## Task statement
Could you print each entry below verbatim while omitting the pictures?

Crawled caption data:
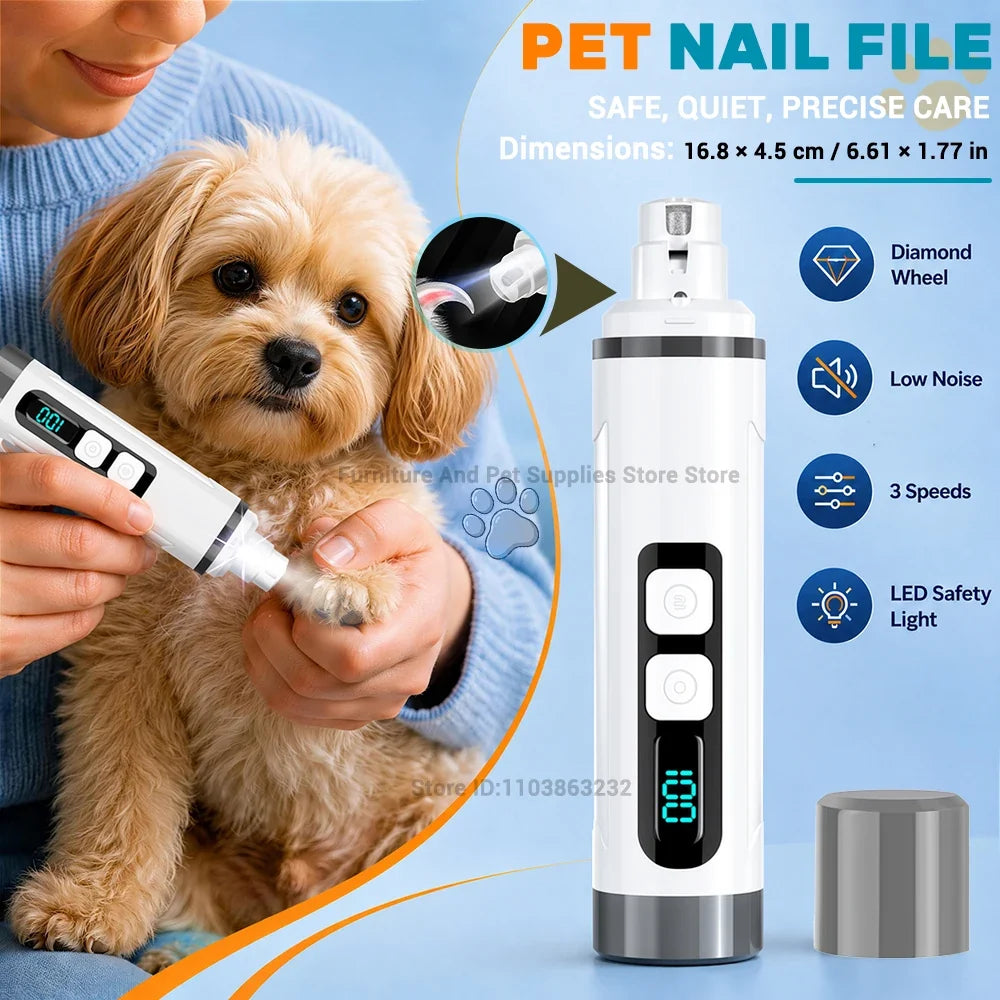 Electric Pet Nail Grinder with 3 Speed Settings LED Light
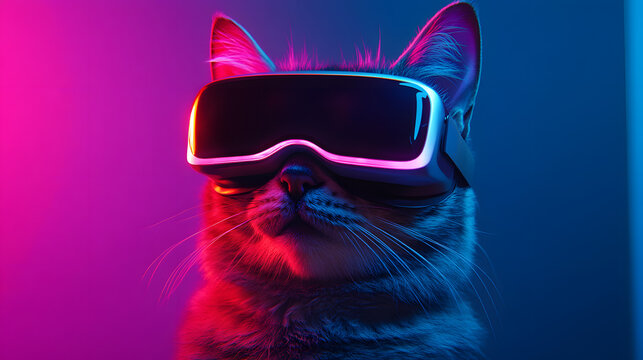 Cat in 3D reality glasses, futuristic image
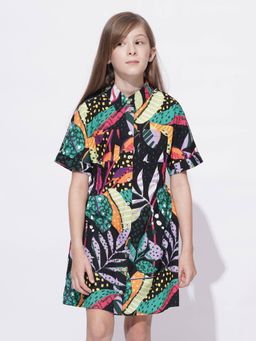 VERO MODA - Girl Tropical Print Multicolor Dress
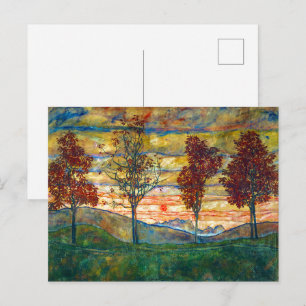 Four Trees Egon Schiele Postcard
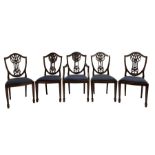 Set of five Georgian style mahogany dining chairs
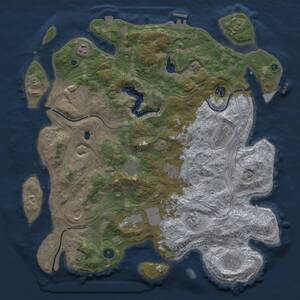 Thumbnail Rust Map: Procedural Map, Size: 4250, Seed: 1234567866, 17 Monuments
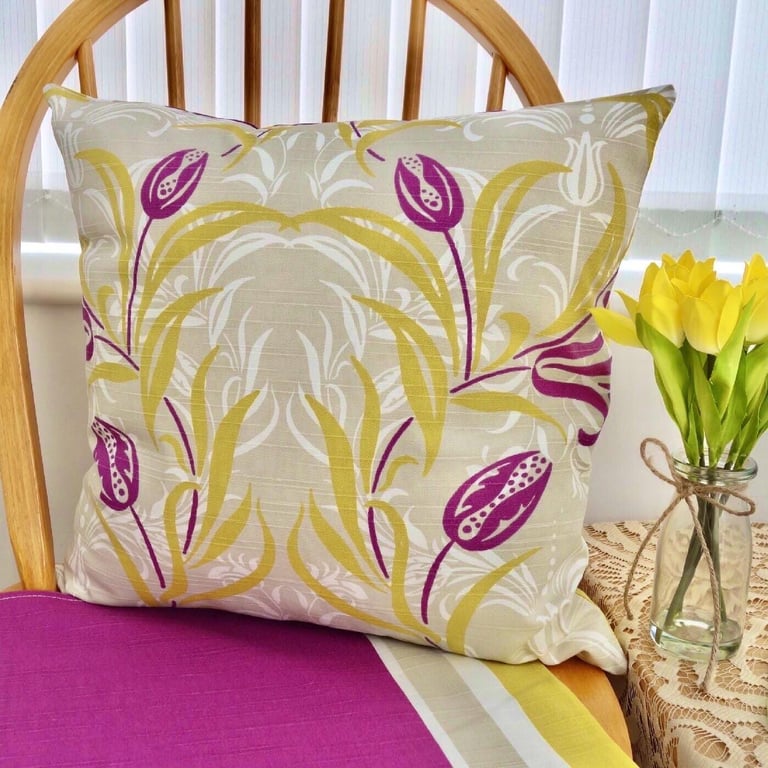 Cushion with Pad: Purple Floral 17" (43cm) with stripe reverse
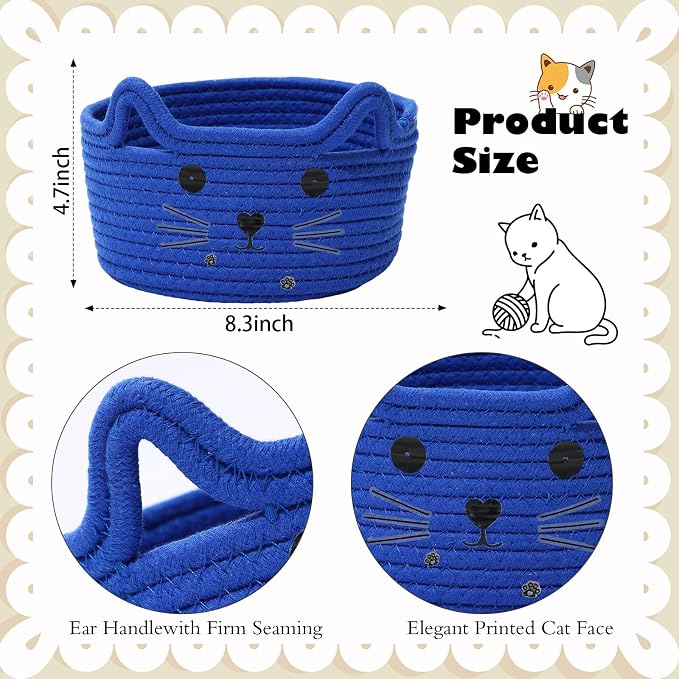 Zopeal Cat Storage Basket Woven Organizer with Ears Decorative Gift Cute Cotton Rope Pet Toy Basket for Gift Cat Dog Toy Bin Nursery Room(8.3 x 4.7 Inch,Royal Blue)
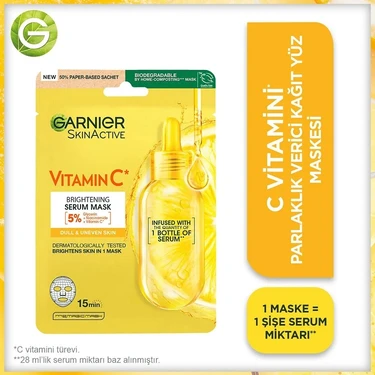 Garnier C Vitamini Parlaklık Verici Kağıt Yüz Maskesi 28 g Hassas Ciltler İçin Nemlendirici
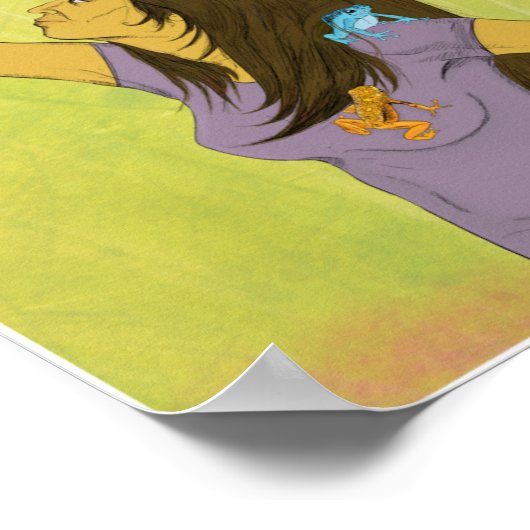 Vrouw met kikkers: 8,5 x 11 poster (Hoek)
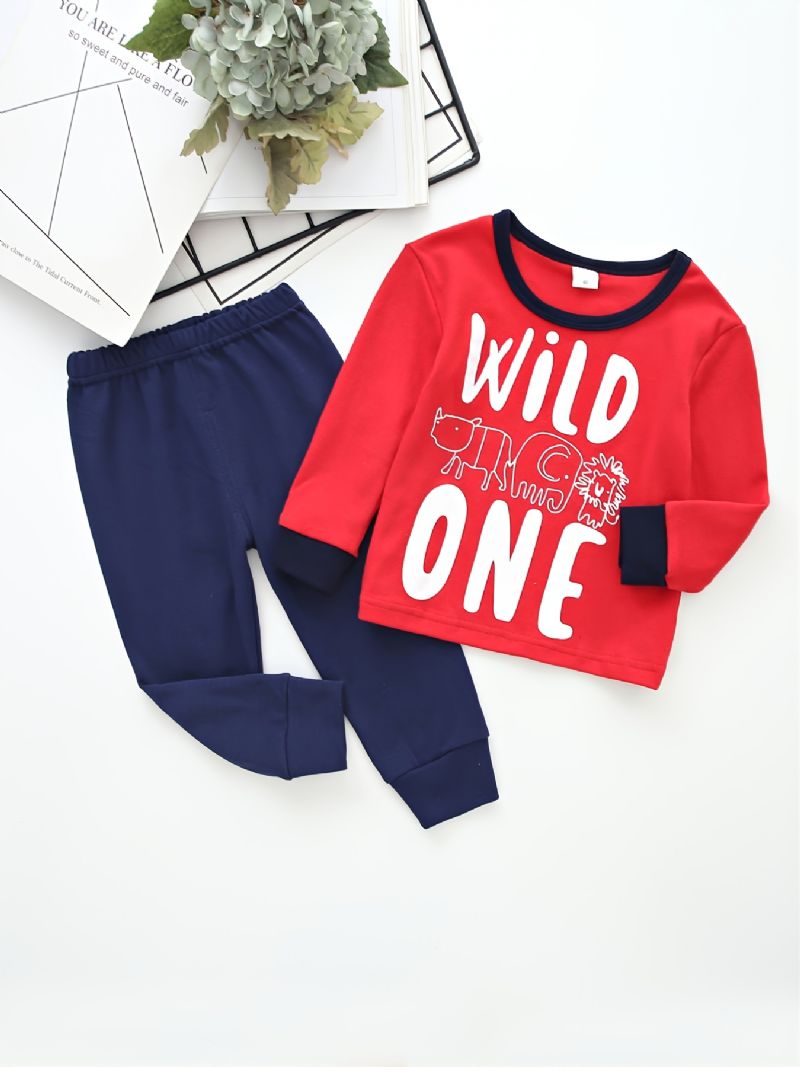 Chlapci Letter Wild One Crew Neck Bavlněné Tričko S Dlouhým Rukávem Jogger Tepláky Set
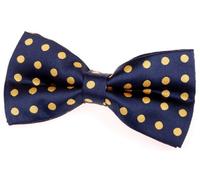 Retreez Classic Polka Dots Woven Microfiber Pre-tied Bow Tie (5") - Navy Blue with Yellow Dots
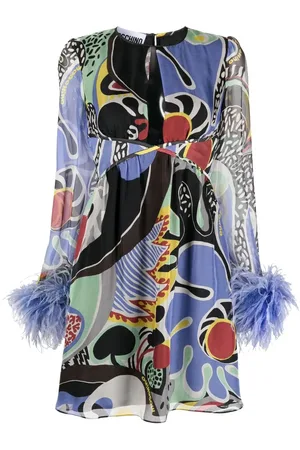 Moschino Robe imprimée à ourlet bordé de plumes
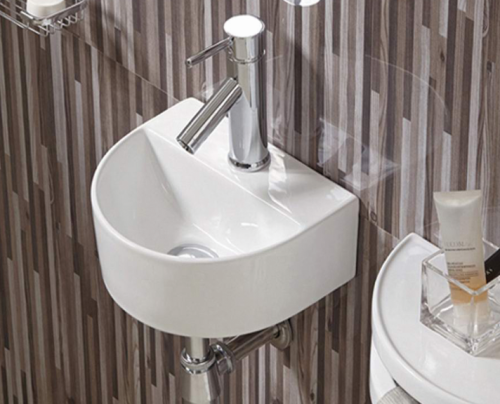 Раковина из санфаянса CeramaLux 7781 30х26 подвесная цвет белый 1 отверстие под смеситель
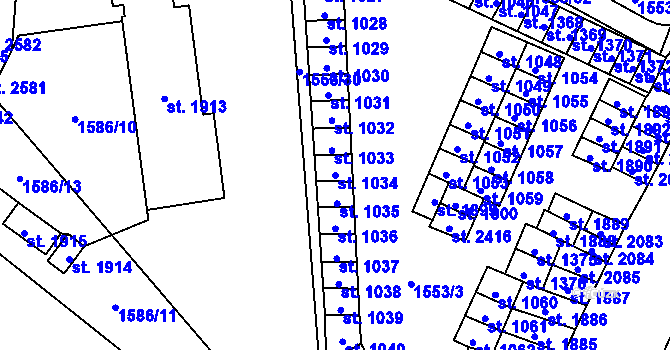 Parcela st. 1034 v KÚ Kateřinky u Opavy, Katastrální mapa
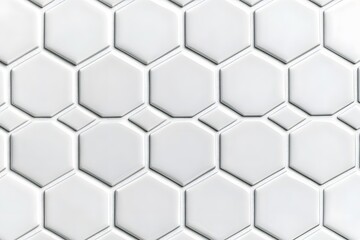 Naklejka premium Off-White Hexagonal Tile Pattern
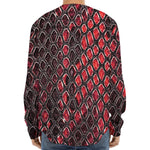 Red And Black Snakeskin Print Long Sleeve Baseball Jersey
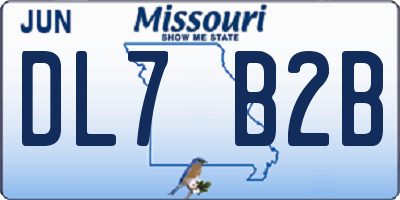 MO license plate DL7B2B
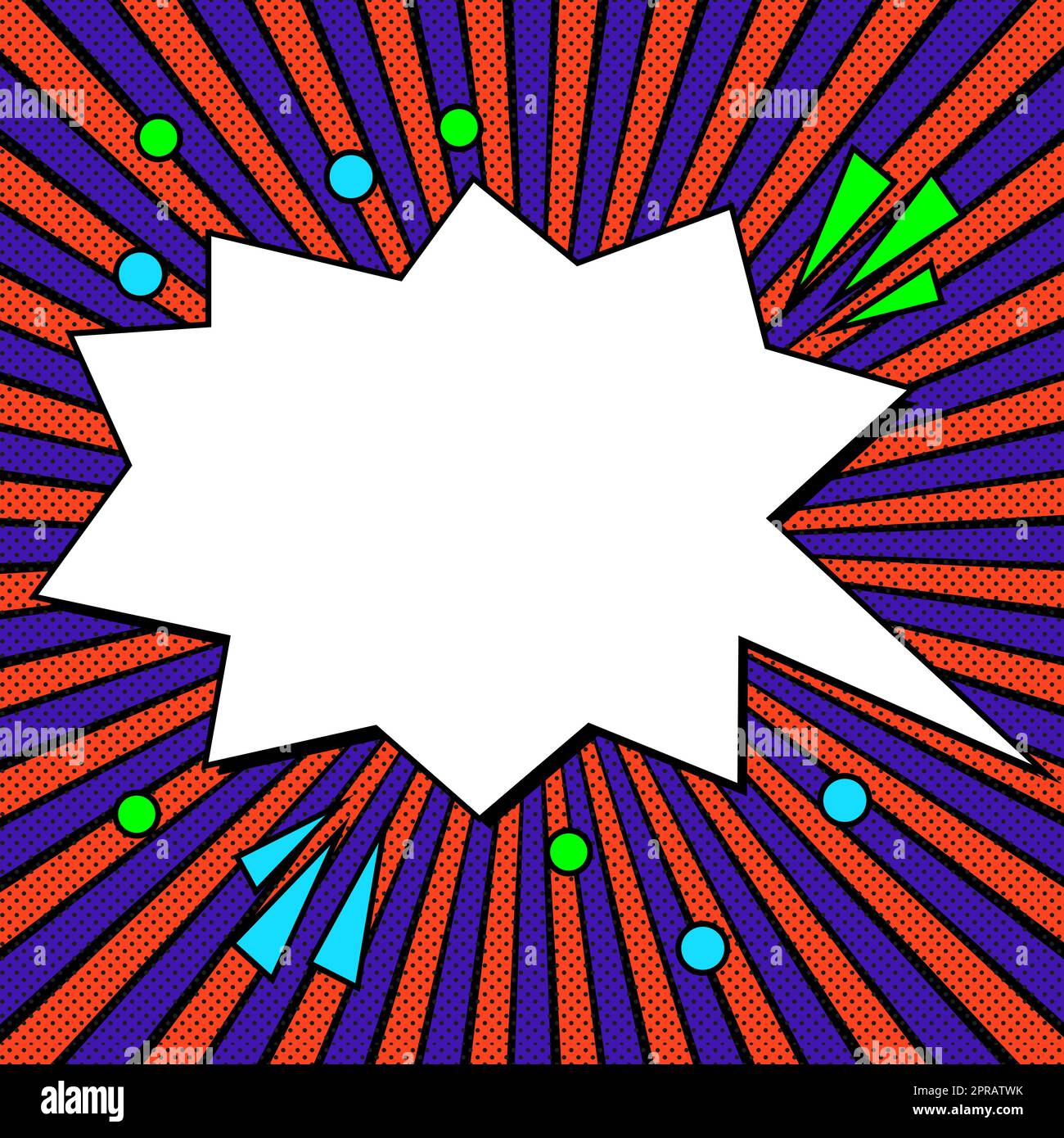 Comic Blank Speech Bubble With Copy Space Over Circular Color ...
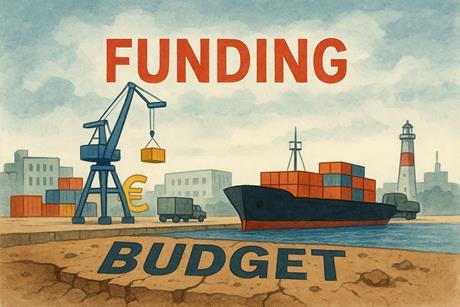 The image shows an AI created graphic detailing EU ports funding woes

## Exercise solution
 Electric Pet Nail Grinder with 3 Speed Settings LED Light
 Cat in 3D reality glasses, futuristic image
 VERO MODA - Girl Tropical Print Multicolor Dress
 Four Trees Egon Schiele Postcard
 Set of five Georgian style mahogany dining chairs
 Thumbnail Rust Map: Procedural Map, Size: 4250, Seed: 1234567866, 17 Monuments
 Cushion with Pad: Purple Floral 17" (43cm) with stripe reverse
 Zopeal Cat Storage Basket Woven Organizer with Ears Decorative Gift Cute Cotton Rope Pet Toy Basket for Gift Cat Dog Toy Bin Nursery Room(8.3 x 4.7 Inch,Royal Blue)
 Garnier C Vitamini Parlaklık Verici Kağıt Yüz Maskesi 28 g Hassas Ciltler İçin Nemlendirici
 Vrouw met kikkers: 8,5 x 11 poster (Hoek)
 Chlapci Letter Wild One Crew Neck Bavlněné Tričko S Dlouhým Rukávem Jogger Tepláky Set
 Retreez Classic Polka Dots Woven Microfiber Pre-tied Bow Tie (5") - Navy Blue with Yellow Dots
 Moschino Robe imprimée à ourlet bordé de plumes
 Раковина из санфаянса CeramaLux 7781 30х26 подвесная цвет белый 1 отверстие под смеситель
 Parcela st. 1034 v KÚ Kateřinky u Opavy, Katastrální mapa
 Naklejka premium Off-White Hexagonal Tile Pattern
 Red And Black Snakeskin Print Long Sleeve Baseball Jersey
 MO license plate DL7B2B
 Comic Blank Speech Bubble With Copy Space Over Circular Color ...
 The image shows an AI created graphic detailing EU ports funding woes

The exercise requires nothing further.